Items from a dataset:
########################################

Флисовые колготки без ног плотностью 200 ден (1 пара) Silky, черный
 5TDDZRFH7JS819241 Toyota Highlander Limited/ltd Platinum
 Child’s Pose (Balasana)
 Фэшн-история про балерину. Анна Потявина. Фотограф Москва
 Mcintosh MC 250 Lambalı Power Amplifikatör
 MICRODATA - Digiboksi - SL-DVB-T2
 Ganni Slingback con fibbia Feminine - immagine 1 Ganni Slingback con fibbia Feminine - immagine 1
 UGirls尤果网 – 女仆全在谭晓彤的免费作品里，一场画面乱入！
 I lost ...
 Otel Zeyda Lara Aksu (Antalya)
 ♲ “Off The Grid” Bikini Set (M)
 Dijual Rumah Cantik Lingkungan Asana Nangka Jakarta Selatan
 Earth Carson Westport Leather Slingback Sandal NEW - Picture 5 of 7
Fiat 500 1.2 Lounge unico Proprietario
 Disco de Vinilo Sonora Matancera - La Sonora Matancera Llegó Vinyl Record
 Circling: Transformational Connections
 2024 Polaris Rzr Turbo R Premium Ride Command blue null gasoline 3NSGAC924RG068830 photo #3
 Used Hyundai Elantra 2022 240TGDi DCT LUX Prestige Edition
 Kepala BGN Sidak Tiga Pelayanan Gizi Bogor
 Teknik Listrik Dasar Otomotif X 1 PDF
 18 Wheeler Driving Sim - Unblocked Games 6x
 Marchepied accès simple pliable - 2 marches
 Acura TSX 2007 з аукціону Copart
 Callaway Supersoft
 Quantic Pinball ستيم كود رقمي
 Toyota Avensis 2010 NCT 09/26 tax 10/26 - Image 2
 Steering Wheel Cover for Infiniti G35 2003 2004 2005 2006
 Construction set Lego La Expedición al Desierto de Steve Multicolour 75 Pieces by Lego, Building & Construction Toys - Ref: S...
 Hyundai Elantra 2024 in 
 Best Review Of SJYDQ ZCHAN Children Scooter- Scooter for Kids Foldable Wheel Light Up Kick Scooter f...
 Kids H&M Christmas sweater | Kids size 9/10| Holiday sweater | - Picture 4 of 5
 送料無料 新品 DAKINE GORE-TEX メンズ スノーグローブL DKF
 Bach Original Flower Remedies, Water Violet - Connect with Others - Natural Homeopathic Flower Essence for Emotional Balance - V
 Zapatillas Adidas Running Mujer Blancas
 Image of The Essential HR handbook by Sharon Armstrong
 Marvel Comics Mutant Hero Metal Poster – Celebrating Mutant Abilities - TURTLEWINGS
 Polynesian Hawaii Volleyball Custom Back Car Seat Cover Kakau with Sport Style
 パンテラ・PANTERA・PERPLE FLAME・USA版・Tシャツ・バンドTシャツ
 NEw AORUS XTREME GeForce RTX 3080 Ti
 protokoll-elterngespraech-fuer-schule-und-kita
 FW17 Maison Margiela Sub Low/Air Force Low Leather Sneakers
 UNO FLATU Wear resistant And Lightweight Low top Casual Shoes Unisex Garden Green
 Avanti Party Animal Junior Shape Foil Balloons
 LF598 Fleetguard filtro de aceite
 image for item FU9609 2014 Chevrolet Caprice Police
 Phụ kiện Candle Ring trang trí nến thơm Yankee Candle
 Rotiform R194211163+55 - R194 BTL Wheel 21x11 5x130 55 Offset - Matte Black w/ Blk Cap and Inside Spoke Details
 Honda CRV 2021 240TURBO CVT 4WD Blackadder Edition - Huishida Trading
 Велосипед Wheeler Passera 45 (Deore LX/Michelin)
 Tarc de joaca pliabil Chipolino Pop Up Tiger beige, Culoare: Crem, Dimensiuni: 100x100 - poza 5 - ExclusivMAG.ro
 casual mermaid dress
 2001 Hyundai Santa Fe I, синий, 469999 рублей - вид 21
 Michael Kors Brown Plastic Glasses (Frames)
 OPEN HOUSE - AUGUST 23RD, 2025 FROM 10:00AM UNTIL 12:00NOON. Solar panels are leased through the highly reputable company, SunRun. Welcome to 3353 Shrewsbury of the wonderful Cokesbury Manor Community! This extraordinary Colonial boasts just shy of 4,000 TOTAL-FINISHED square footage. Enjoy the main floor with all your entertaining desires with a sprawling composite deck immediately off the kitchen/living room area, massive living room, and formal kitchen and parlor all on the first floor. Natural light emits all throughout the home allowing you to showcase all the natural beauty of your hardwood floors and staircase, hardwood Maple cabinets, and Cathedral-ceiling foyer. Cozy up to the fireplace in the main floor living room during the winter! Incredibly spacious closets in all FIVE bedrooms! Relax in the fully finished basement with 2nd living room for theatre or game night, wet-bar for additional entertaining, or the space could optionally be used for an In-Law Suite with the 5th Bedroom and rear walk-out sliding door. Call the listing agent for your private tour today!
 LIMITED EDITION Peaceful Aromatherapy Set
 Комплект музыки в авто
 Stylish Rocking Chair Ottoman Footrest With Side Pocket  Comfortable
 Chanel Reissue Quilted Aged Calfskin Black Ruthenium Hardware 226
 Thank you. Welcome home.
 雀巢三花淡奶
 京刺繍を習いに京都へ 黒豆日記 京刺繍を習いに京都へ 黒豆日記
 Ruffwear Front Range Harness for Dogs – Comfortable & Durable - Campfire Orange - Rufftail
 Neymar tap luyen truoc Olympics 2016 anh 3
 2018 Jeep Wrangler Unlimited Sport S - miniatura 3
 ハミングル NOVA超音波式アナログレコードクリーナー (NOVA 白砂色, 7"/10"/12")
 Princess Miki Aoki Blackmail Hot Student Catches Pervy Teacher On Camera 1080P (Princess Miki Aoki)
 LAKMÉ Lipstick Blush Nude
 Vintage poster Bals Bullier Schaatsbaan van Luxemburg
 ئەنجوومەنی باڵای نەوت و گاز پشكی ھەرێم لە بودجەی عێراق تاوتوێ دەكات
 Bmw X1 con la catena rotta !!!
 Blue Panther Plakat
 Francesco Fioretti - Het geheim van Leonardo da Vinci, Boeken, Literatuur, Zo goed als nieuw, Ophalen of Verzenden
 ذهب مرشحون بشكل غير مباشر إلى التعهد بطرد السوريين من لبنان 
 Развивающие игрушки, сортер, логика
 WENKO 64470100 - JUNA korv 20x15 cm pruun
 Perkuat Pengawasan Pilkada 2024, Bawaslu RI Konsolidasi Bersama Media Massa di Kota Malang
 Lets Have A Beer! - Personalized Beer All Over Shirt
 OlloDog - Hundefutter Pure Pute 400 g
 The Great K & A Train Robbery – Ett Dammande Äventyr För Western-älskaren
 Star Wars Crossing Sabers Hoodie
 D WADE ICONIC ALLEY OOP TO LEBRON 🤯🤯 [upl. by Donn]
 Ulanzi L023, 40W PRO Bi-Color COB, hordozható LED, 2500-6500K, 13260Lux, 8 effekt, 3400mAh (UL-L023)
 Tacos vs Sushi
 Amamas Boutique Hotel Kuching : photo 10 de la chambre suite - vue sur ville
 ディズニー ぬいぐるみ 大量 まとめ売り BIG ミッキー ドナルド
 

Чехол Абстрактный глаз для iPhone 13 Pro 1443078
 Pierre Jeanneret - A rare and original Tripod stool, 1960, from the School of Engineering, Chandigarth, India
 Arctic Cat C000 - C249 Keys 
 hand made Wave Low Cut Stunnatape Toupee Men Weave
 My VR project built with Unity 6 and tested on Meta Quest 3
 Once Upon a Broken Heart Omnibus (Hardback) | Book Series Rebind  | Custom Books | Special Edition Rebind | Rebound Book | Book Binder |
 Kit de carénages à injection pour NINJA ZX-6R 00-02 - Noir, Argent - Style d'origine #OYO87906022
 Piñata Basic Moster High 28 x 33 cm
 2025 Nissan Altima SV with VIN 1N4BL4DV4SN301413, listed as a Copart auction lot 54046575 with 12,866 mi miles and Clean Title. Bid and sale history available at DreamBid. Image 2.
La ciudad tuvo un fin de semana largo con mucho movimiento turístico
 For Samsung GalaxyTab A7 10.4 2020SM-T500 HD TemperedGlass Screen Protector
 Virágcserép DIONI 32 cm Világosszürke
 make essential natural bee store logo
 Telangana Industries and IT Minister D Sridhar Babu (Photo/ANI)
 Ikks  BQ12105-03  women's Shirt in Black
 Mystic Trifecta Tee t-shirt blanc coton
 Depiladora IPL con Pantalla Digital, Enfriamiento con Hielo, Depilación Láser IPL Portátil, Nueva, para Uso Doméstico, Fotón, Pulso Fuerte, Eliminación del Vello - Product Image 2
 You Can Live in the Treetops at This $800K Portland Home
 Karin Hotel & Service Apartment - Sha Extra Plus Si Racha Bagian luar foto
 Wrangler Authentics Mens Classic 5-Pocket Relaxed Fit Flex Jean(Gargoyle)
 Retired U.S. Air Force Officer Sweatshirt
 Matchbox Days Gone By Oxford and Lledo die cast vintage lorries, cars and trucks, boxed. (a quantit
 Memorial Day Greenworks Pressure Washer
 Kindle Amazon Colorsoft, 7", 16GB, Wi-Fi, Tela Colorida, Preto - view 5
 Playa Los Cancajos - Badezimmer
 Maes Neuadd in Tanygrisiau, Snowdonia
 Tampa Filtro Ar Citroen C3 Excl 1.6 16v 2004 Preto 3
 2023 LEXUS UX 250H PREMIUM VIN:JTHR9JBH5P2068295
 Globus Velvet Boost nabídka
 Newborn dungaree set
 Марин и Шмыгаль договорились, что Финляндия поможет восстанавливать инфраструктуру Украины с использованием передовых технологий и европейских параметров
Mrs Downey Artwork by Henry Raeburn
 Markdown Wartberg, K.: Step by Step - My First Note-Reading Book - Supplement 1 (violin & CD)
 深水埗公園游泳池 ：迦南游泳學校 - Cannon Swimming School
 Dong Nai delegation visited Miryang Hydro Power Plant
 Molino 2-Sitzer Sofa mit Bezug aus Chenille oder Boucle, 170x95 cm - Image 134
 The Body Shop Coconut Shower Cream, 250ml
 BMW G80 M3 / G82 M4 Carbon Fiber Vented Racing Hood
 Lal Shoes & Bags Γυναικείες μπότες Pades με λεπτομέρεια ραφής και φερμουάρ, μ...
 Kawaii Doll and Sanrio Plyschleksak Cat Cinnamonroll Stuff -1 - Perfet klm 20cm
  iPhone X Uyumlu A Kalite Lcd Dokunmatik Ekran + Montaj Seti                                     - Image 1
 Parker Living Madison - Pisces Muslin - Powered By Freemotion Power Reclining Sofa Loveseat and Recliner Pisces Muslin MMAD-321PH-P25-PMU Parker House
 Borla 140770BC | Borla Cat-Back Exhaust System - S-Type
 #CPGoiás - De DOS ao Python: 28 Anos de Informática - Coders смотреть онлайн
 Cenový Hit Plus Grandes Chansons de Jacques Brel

########################################

**WHAT YOU HAVE TO DO**: Report the lines above that have the word "Sofa" in them.

**RESPONSE AREA**:
 Molino 2-Sitzer Sofa mit Bezug aus Chenille oder Boucle, 170x95 cm - Image 134
 Parker Living Madison - Pisces Muslin - Powered By Freemotion Power Reclining Sofa Loveseat and Recliner Pisces Muslin MMAD-321PH-P25-PMU Parker House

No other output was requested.